* _Your goal_
Please go over the material below and count each line with the string "silver", giving only the total.

* _Provided data_
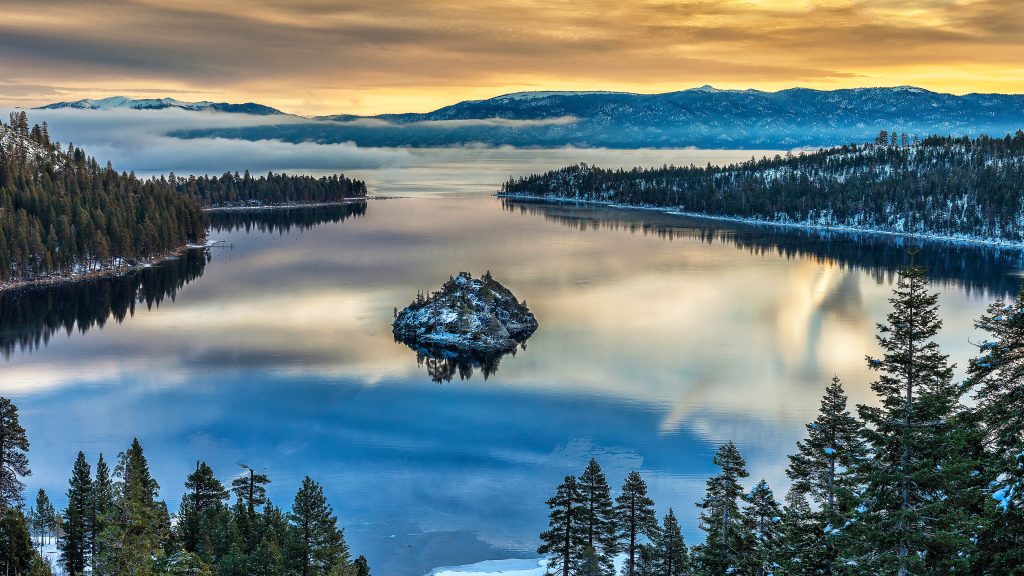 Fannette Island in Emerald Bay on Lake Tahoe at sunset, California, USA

---

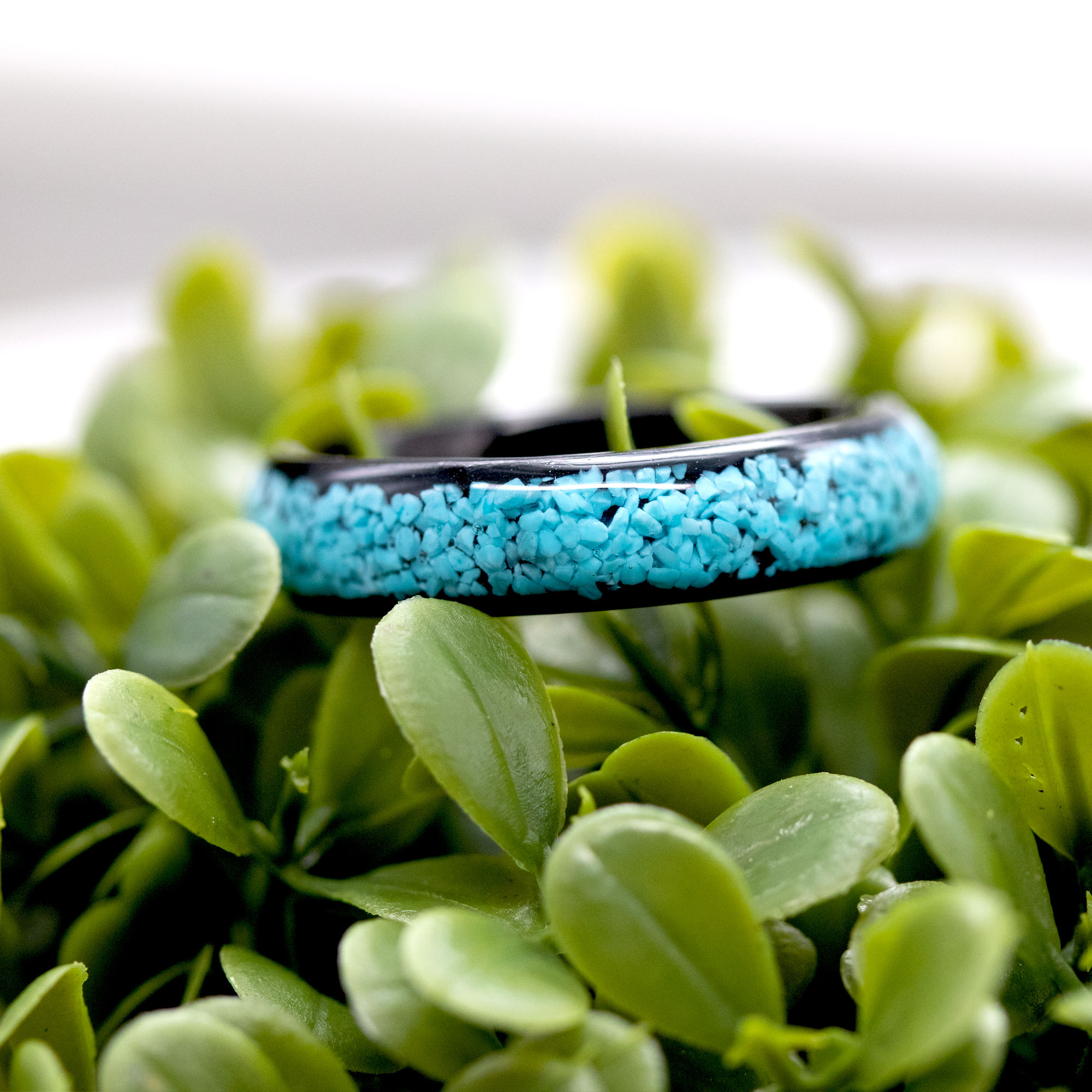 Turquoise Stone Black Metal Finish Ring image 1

...

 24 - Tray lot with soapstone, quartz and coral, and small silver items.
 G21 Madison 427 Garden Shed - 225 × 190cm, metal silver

* _Solved exercise_
2